2. Description of the Related Art
A conventional notebook computer in accordance with the prior art shown in FIG. 1 primarily comprises a computer body 10, a box-shaped voltage processing member 11, and an extension plug 12 having two prongs 13. However, the voltage processing member 11 and the extension plug 12 are exposed outward of the computer body 10, thereby taking up much space. In addition, the prongs 13 are fixed on the extension plug 12 and cannot be folded so that the prongs 13 will occupy space and are easily worn out.
In accordance with one aspect of the present invention, there is provided a power supply plug structure for a notebook computer comprising: a housing including an upper cover and a lower cover coupled with each other, an operation space formed in a front end of the housing and having two sides each defining a receiving recess, two opposite pivot holes each defined in an inner side of the operation space; two elongated sheet-shaped connecting legs each pivotally mounted in the receiving recess of the housing, each of the two connecting legs including a rotation shaft rotatably mounted in the operation space of the housing and having two ends each having a pivot axle extending outward and received in the pivot hole of the housing, a drive gear mounted on the rotation shaft of each of the two connecting legs, and a conducting hook integrally formed on the rotation shaft of each of the two connecting legs; two conducting pieces each secured in the housing and each detachably contacting with the conducting hook of the rotation shaft of each of the two connecting legs when the two connecting legs being pivoted to a fixed position; and a plurality of meshing driven gears each mounted in the housing and each meshing with the drive gear of the rotation shaft of each of the two connecting legs.

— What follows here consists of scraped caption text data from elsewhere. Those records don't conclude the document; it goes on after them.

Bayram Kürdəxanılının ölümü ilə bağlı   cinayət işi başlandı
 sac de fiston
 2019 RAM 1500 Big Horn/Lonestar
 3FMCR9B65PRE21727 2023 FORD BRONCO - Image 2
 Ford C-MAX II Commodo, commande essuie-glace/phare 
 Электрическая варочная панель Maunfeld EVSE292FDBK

Further benefits and advantages of the present invention will become apparent after a careful reading of the detailed description with appropriate reference to the accompanying drawings.
FIG. 1 is a perspective view of a conventional notebook computer in accordance with the prior art;
FIG. 2 is an exploded view of a power supply plug structure for a notebook computer in accordance with the present invention;
FIG. 3 is a top plan cross-sectional assembly view of the power supply plug structure as shown in FIG. 2;
FIG. 4 is an operational view of the power supply plug structure as shown in FIG. 3;
FIG. 5 is a partially enlarged view of the power supply plug structure as shown in FIGS. 3 and 4;
FIG. 6 is a partially cut-away top plan operational view of the power supply plug structure as shown in FIG. 2; and
FIG. 7 is a perspective operational view of the power supply plug structure as shown in FIG. 2.
Referring to the drawings and initially to FIGS. 2-5, a power supply plug structure used for a notebook computer in accordance with the present invention comprises a housing including an upper cover 20 and a lower cover 30 securely coupled with each other, two elongated sheet-shaped connecting legs 60, a circuit board 40, two conducting pieces 41, and two driven gears 50.
An upper operation space 21 is formed in the front end of the upper cover 20 of the housing and has two sides each defining an upper receiving recess 22. Two opposite upper pivot holes 24 are each defined in the inner side of the upper operation space 21.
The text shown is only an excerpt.